I am using version 4.7.25 in a replicated (1 master 1 slave) environment. I have a main thread that reads network requests and does db->get() or db->put() as appropriate. I have a second thread that calls txn_checkpoint every minute. During a checkpoint, my put() performance falls right away, with some puts taking over 16 seconds to complete (the checkpoint runs for about 50 seconds).When you do a checkpoint on the master, it causes a checkpoint to happen on the client as well. For most ack_policies, the master needs to wait for the client's checkpoint to consider its own checkpoint durable.
Is this expected? Does checkpointing lock the environment, database or many pages at once or is all caused by heavy disk IO?

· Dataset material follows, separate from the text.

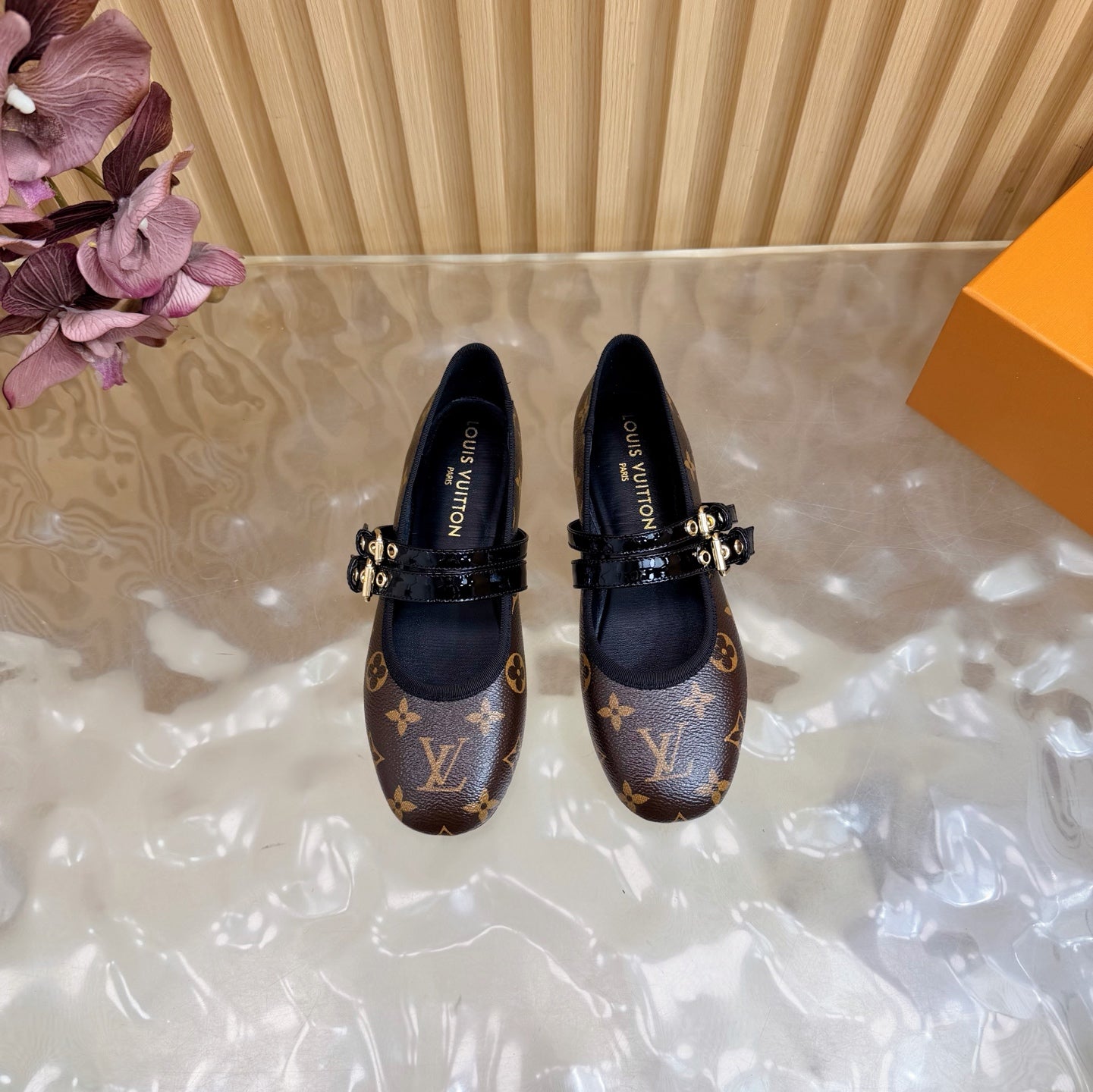 LV Romy Flat Ballerina Brown in Cowhide Monogram 703062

The environment has the following flags set: DB_AUTO_COMMIT | DB_TXN_NOSYNC and is opened with DB_CREATE | DB_INIT_LOCK | DB_INIT_LOG | DB_INIT_MPOOL | DB_INIT_TXN | DB_RECOVER | DB_THREAD|DB_INIT_REP;You are using DB_TXN_NOSYNC, which means transactions are not flushed to disk when the are committed. Depending on the size of your workload and your log buffers, you could be building up considerable activity that needs to be done during your checkpoint.
My primary database has no flags set, my secondary has DB_DUPSORT. My cache is large compared to the data in the database.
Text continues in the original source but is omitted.